*What you are asked to do:* Each line from the one holding "COMBINED NEVUS" through the end of the records should be returned exactly, while pictures are skipped.

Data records
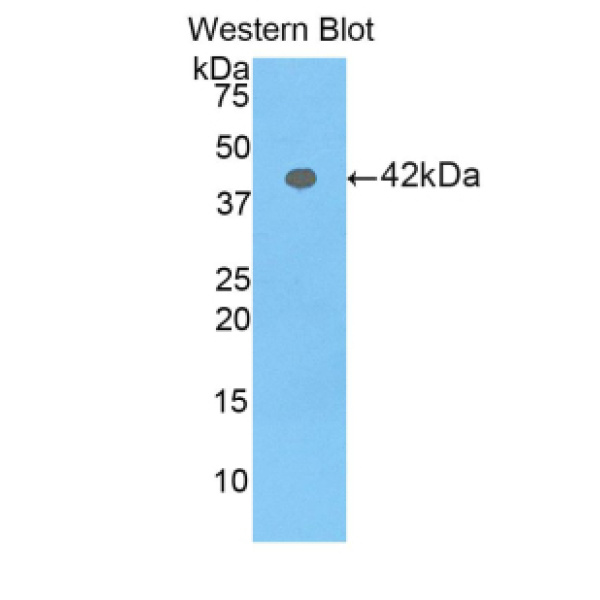 含Ⅲ型纤连蛋白域蛋白5(FNDC5)多克隆抗体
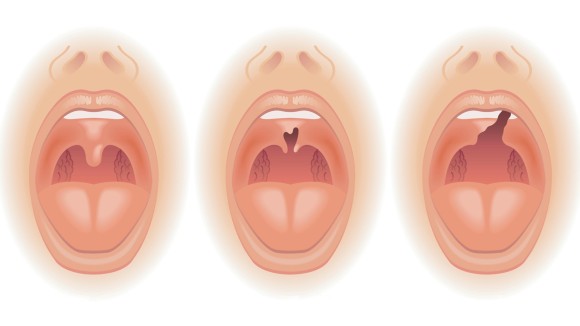 Illustration of cleft palate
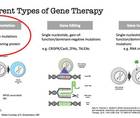 Gene Therapy for the Retina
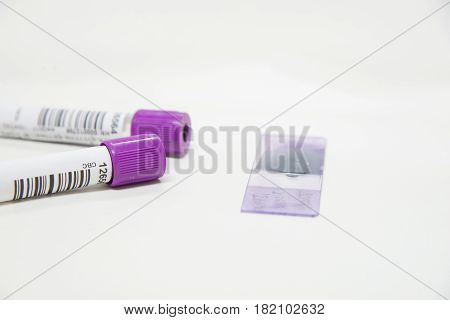 Test tube CBC on white tone in laboratory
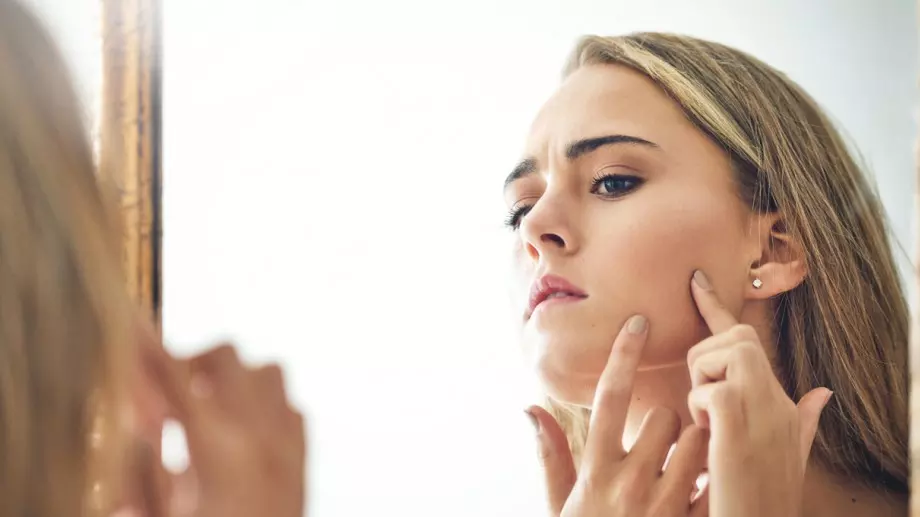 Причините за акне и кои са нещата, за които грешим, че го причиняват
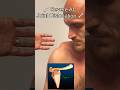 Severe AC Joint Dislocation Explained by Surgeon ⚕️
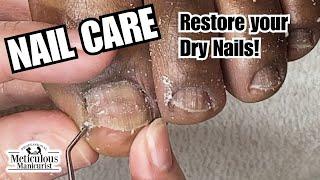 Nail Care Dry Toenails #nails #satisfying 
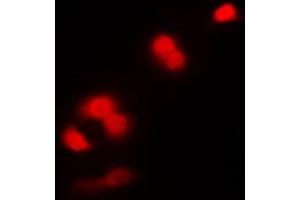 Immunofluorescent analysis of CDC2 staining in K562 cells. (CDK1 anticorps  (Center))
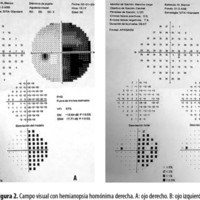 Figura 2. Campo visual con hemianopsia homónima derecha. A: ojo derecho. B: ojo izquierdo.
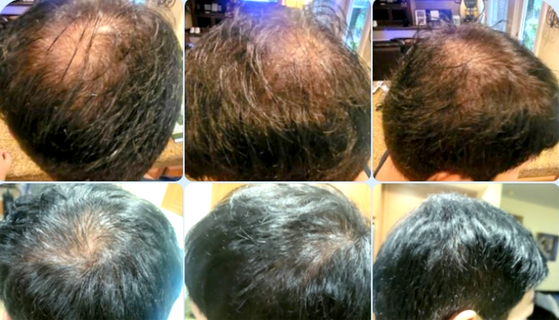 어떤 포토샵 수정도 없이 실제 사용자가 24주 동안 '헤어붐'을 사용하고 나서 찍은 이전(before)과 이후(after) 사진. [사진 와이져리빙]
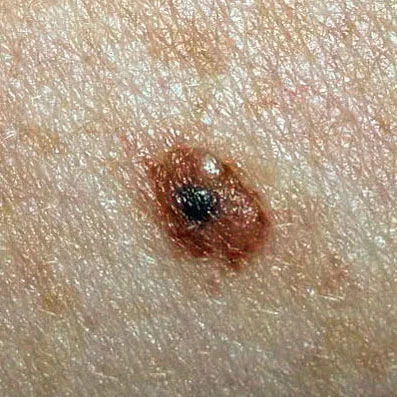 COMBINED NEVUS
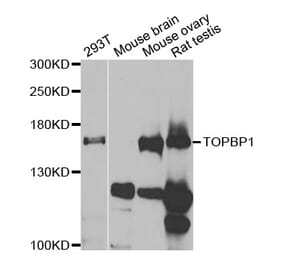Western blot - TOPBP1 Antibody from Signalway Antibody (33043) - Antibodies.com
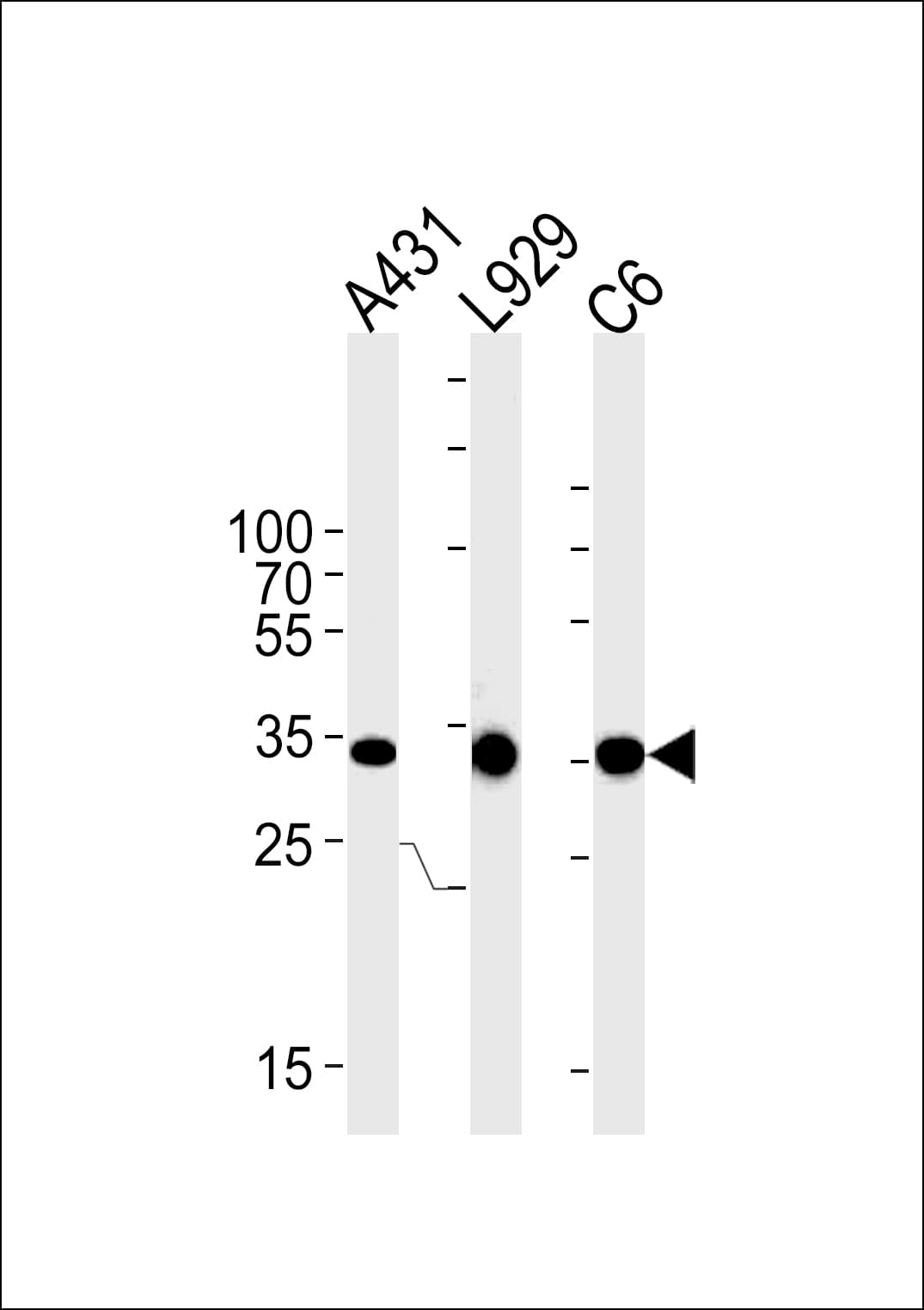 Polyclonal Rabbit anti-Human CCND1 / Cyclin D1 Antibody (aa264-292, WB)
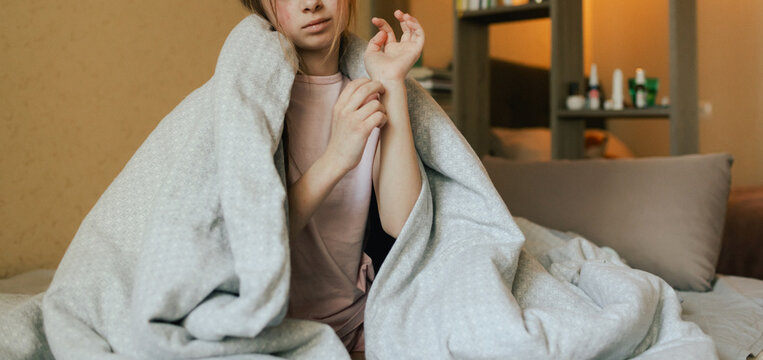 風邪を引くと蕁麻疹が出る原因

*Task output:*
 COMBINED NEVUS
Western blot - TOPBP1 Antibody from Signalway Antibody (33043) - Antibodies.com
 Polyclonal Rabbit anti-Human CCND1 / Cyclin D1 Antibody (aa264-292, WB)
 風邪を引くと蕁麻疹が出る原因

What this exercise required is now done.